Carrie: "Maybe it's not advisable to be an optimist past the age of 30." (Fie on that, missy, I turn 30 in a few short days, and I'll be darned if I'll give up my Pollyanna-like, sunshiny attitude for love or money. I will cling to it with both of my increasingly withered hands--cling to it, I say!)
Miranda, on what Steve's mother is like: "Imagine Steve... in a wig... drunk!" She is also a redhead, I feel compelled to note, and therefore that much more AWESOME.

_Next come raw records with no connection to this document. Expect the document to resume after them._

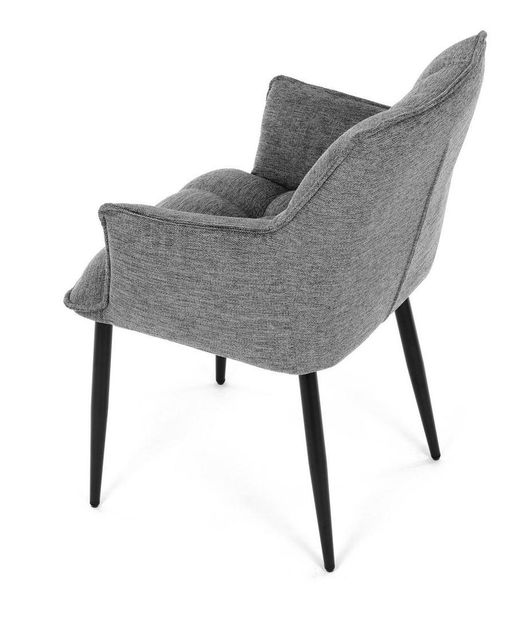 Jídelní židle Dopada (šedá)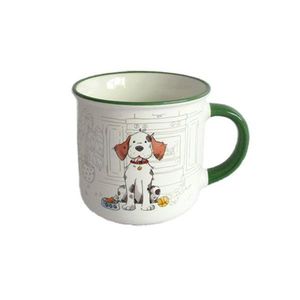 TORO Keramický hrnček 380ml psík vyobraziť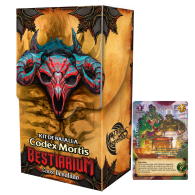 Kit de Batalla Codex Mortis...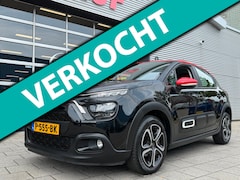 Citroën C3 - 1.2 PureTech C-Series - Navigatie / Apple CarPlay I Airco I LED I PDC I Veiligheid pakket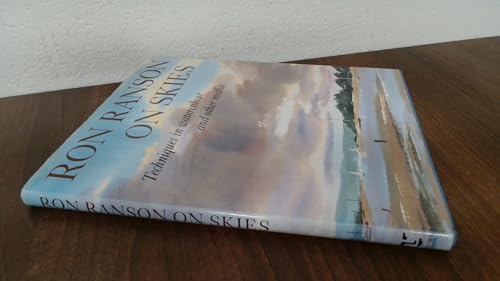 Ron Ranson on Skies: Techniques in Watercolours and Other Media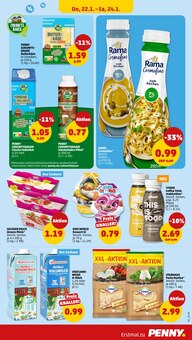 Rama im Penny Prospekt "Wer günstig will, muss Penny." mit 40 Seiten (Jena)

Next Up...?: "Luck Be An Old Lady," in which the ladies (I refuse to use the word "old," these women are in their thirties and forties for the love of Pete) venture to my beloved native state to enrich its national economy through gambling. Woooo! Gamble recklessly, women of NYC! Pour money into Atlantic City's needy coffers! Oh, and in addition to that, there is some stuff about aging and loneliness and new motherhood and creepy, cheating boyfriends. Sounds like a whirligig of Jersey fun to me!